Industry Braces for Bigger Crackdown on Corruption
Amid a general climate of distrust — exacerbated by a slew of high-profile procurement fraud cases in recent years — federal regulators recently introduced new anticorruption rules that lawyers inside the Beltway have characterized as unprecedented in their scope and power.
As of Dec. 12, all government contractors regardless of size are required on penalty of suspension or debarment to disclose to their federal customers in a timely fashion any credible evidence of improper conduct by any of the company’s employees. This includes illegal gratuities, kickbacks, conflicts of interest or failure to notify the government of an overpayment.
In the past, contractors only were expected to make “voluntary” disclosures of misconduct. But the Department of Justice argued that the previous policy did not go far enough and asked the Federal Acquisition Regulatory Council to modify the rule to make disclosures mandatory.
For most contractors whose livelihood depends on federal dollars, the punishment for failing to divulge evidence of wrongdoing is the equivalent of the death penalty.
The new rule has generated mixed reviews from the legal community. Some experts believe these are necessary measures to prevent wrongdoing, particularly in defense and military contracting where most federal discretionary spending occurs. They view it as a continuation of an aggressive push by Justice that began two years ago with the creation of a National Procurement Fraud Task Force. The task force is credited for having prosecuted more than 300 procurement fraud cases that have resulted in convictions, charges, civil actions or settlements. At least 50 individuals have been criminally charged with procurement fraud associated with war contracts in Iraq, Afghanistan and Kuwait.
But some attorneys worry that the government may be opening a Pandora’s box. By requiring companies to become de facto government informants, the new measures may create legal “gray areas” that could lead to massive litigation down the road. If companies are expected to disclose their own ethical breaches, they could be denying themselves the right to a legal defense. The mandatory disclosure regime also puts too much guesswork into the system, some lawyers contend. Company executives will be expected to turn in their own employees for suspected crimes even if they are not sure whether the act was intentional or an inadvertent human error.
Large defense contractors already have established what are known as “internal controls” to deal with these issues. They also have armies of lawyers and ethics officers who provide counsel. But many lower tier subcontractors and small businesses will find themselves far more vulnerable because they may not have the in-house expertise to understand what is appropriate and what constitutes “credible evidence” of an ethical breach.
“Companies will find themselves in quite a Catch-22,” says Jonathan S. Aronie, a government contracts lawyer at Sheppard Mullin Richter & Hampton LLP.
Aronie says companies are taking the regulations “very seriously” but he wonders how they will cope with the legal complexity of being contractors and informants at the same time. “We’ll have to see how far the government will go in applying the penalty,” Aronie says.

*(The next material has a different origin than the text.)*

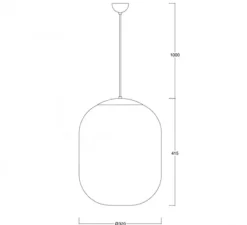 Suspension*Zangra Suspension, ceilinglamp.169.b, , IP40, Ø32cm, H41,5cm - noir mat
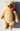 Vtg 1960s -1970 Steiff Teddy Bear Lentil Button Light Brown 13" Button Plush Toy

Contractors also should brace for a possible onslaught of whistleblower lawsuits.
Companies also will have to gauge whether coming forward with disclosures and exposing themselves to criminal charges will outweigh the risks of not disclosing and being debarred if the government finds out the company was holding back evidence.
Aronie and other lawyers view this latest wave of regulation as a knee-jerk reaction to highly publicized corruption cases, most of which occurred after the invasion of Iraq and the infusion of hundreds of billions of dollars into a procurement operation that lacked adequate oversight.
Because of the actions of a handful of bad actors, everyone now is paying a huge price, Aronie says.
Time will tell whether the new rules will deter future crimes, he says. Acquisition experts say that in the long run, the government would be better off investing in recruiting and training high-quality contracting officers who can help prevent trouble.
In a recent industry survey, government acquisition professionals complained that contracting officers were not receiving enough training on procurement fraud issues. They also characterized the acquisition workforce as living in a climate of fear where managers react to media stories and neglect to address the underlying causes of the problem, such as shortfalls in education and training. The survey was conducted by the Professional Services Council, an industry association, and Grant Thornton, a global accounting firm.
The morality of the industry has been questioned, in some cases for good reasons, says Stan Soloway, president of PSC. The results of this survey, he says, confirm that the government should stop “legislating by headline” and instead should take a broader “policy by analysis” approach to fixing systemic problems.
For the foreseeable future, however, the big winners in the anti-corruption sweepstakes will be the lawyers, who can expect to see their business skyrocket as a result of the new rule. Aronie aptly calls it the “Government Contracts Lawyer Full Employment Act of 2008.”